I use the sortinghatchats system - +here’s (M to be safe) a link to their ‘basics’ post. To briefly summarize, though, they sort everyone on two different (and equally important) aspects of their personality: the first (your “primary” house) is why you do things, where the second (your “secondary” house) is how you do things.

And now I’m going to sort Buffy Summers from Buffy the Vampire Slayer.

 

Primary (the “why”)

At first glance, Buffy looks like a bit of a Hufflepuff primary. From sortinghatchats:

Hufflepuff Primaries value people. They value community, bond to groups, and they make their decisions off of who is in the most need and who is the most vulnerable and who they can help. They value fairness because every person is a person and feel best when they give everyone a fair chance.

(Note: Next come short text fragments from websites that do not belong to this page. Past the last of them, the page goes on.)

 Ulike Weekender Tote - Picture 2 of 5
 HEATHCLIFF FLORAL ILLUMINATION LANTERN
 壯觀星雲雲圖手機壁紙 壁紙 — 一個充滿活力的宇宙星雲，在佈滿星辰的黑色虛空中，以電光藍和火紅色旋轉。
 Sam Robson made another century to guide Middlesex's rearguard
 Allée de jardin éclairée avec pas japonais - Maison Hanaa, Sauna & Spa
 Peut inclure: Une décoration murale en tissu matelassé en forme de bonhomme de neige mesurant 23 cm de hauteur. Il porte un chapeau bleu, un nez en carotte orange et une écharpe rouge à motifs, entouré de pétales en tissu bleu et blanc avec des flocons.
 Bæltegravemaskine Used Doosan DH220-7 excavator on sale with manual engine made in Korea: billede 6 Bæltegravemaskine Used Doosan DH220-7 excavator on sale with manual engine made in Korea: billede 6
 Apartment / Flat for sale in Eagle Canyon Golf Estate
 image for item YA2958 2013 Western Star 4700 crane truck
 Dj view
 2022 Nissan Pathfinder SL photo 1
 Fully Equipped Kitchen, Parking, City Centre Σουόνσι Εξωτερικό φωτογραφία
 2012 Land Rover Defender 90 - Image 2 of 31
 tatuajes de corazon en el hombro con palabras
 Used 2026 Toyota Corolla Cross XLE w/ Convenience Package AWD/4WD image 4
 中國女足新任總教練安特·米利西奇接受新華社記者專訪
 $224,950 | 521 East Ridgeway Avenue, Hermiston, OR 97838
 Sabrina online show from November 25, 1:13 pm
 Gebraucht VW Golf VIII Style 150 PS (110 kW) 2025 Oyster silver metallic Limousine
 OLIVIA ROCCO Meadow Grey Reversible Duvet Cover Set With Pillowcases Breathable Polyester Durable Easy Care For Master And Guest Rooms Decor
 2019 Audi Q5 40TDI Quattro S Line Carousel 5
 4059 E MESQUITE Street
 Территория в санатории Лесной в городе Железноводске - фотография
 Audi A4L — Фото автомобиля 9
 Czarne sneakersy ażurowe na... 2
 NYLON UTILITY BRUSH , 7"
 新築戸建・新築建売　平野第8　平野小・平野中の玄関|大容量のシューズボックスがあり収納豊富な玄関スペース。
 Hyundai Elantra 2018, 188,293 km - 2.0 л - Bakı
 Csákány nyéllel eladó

Buffy doesn’t always have the luxury of putting individuals first - she’s often grappling with an impending apocalypse - but each person she’s too late to save takes its toll on her, and you can see that as it weighs down on her throughout the seasons. She also does end up finding a community-of-sorts in the Scoobies, which is a vital (if occasionally contentious) part of her life and survival throughout the series.

Ultimately, though, Hufflepuff isn’t quite right. Buffy isn’t “loyal before she’s right” - when she thinks that she’s right, she’s willing to tear down everything and everyone that gets in the way, regardless of her attachment to them. And, apart from that very small group of friends, Buffy often seems actively uncomfortable with the concept of being part of a broader community - she rebels against the Council on multiple occasions, she doesn’t last long in the Initiative, and while she takes on the potentials in season seven, she’s clearly not particularly comfortable with that aspect of it. Buffy can train them; she can’t bond with them.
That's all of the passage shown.